Ora o tema é simples. Jovic, que até já passou pelo Benfica B antes de rumar à Bundesliga e por quem o Real Madrid pagou, no Verão de 2019, 63 milhões de euros, acabou dispensado 18 meses depois, de volta ao Eintracht Frankfurt, por escandalosa falta de rendimento: em ano e meio fez 32 jogos e marcou dois golos, ambos irrelevantes, pois um chegou num 5-0 ao Leganés e outro num 4-1 ao Osasuna. Questionado acerca das razões do fracasso, o jogador encontrou uma acima de todas: não fala espanhol e o treinador do Real Madrid, Zinedine Zidane, também não fala inglês, nem muito menos sérvio. Quem se lembra do vídeo hilário de Zidane a dar instruções a Jovic antes de o colocar em campo contra o Galatasaray – “You attack, OK?” – não lhe custa a crer nesta versão dos acontecimentos.

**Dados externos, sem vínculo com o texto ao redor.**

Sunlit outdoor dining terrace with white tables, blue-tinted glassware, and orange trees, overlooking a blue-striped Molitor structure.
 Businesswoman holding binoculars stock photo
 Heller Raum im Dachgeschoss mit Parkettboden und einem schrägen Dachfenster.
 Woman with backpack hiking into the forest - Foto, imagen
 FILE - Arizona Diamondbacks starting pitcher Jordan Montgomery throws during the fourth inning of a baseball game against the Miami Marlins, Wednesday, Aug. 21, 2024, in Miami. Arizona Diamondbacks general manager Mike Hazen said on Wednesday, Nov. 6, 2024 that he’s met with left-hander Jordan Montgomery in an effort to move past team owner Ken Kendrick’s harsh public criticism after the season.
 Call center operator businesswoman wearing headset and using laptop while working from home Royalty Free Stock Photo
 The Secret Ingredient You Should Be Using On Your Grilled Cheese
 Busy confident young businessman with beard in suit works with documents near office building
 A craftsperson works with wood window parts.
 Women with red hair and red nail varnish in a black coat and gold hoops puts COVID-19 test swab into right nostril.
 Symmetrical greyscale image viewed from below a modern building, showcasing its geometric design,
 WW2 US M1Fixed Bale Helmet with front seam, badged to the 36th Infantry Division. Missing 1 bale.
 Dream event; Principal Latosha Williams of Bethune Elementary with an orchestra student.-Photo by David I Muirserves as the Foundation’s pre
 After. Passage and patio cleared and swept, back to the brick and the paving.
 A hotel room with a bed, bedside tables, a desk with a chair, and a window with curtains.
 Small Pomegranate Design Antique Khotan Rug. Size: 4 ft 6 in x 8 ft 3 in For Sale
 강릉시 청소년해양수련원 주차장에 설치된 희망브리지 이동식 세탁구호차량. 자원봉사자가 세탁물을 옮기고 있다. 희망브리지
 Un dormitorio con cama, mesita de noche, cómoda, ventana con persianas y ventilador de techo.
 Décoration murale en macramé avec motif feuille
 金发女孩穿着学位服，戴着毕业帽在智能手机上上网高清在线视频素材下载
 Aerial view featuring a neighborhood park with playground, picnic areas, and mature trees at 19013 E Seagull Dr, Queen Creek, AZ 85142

E nem precisa de ser um dos muitos que já riram até mais não com a famosa compilação de “gudibinins” de Unay Emery no Arsenal – por que razão terá ele falhado em Londres? – para achar isto tudo uma anormalidade.
Os comentadores do podcast, contudo, desvalorizaram a situação e até juntaram que Diego Simeone, treinador argentino do Atlético Madrid, também não fala inglês e que, ao receber Trippier, por exemplo, teve de se socorrer de um intérprete para falar com ele. Portanto, está aí o segredo? Contratar um intérprete? Ou vários, tendo em conta a multiplicidade de idiomas que se falam hoje em dia nos balneários das grandes equipas mundiais, reforçadas de acordo com a globalização? Não. Claro que não é preciso ser muito exigente para achar que, com o tempo livre de que dispõem, os jogadores têm forçosamente que se adaptar e que aprender num par de meses a língua do país onde vão jogar – Jovic, de resto, em Portugal, tinha uma professora de português sérvia. Mas serei só eu a achar que é uma estupidez digna de registo juntar 750 milhões de euros em recursos humanos vindos das mais variadas proveniências e depois contratar para os gerir um homem que não tem capacidade de se fazer entender por eles?
Ainda há dias, quando, impulsionado pela presença de Abel Ferreira na final da Libertadores, escrevi acerca da escola de treinadores portugueses, salientei que ela na verdade, não existe. Que o que há é uma capacidade de adaptação notável de todo um povo, a fazer com que os nossos treinadores não deixem de ter sucesso onde quer que seja por não falarem inglês. E atenção que o idioma, no caso de Abel no Palmeiras, nem seria alguma vez um entrave. Mas o tema acaba por ser um arquétipo daquilo que tem de ser um líder – tem de saber jogar no campo dos liderados. E nisso, Abel Ferreira foi mestre. O Real Madrid que ponha os olhos nisto.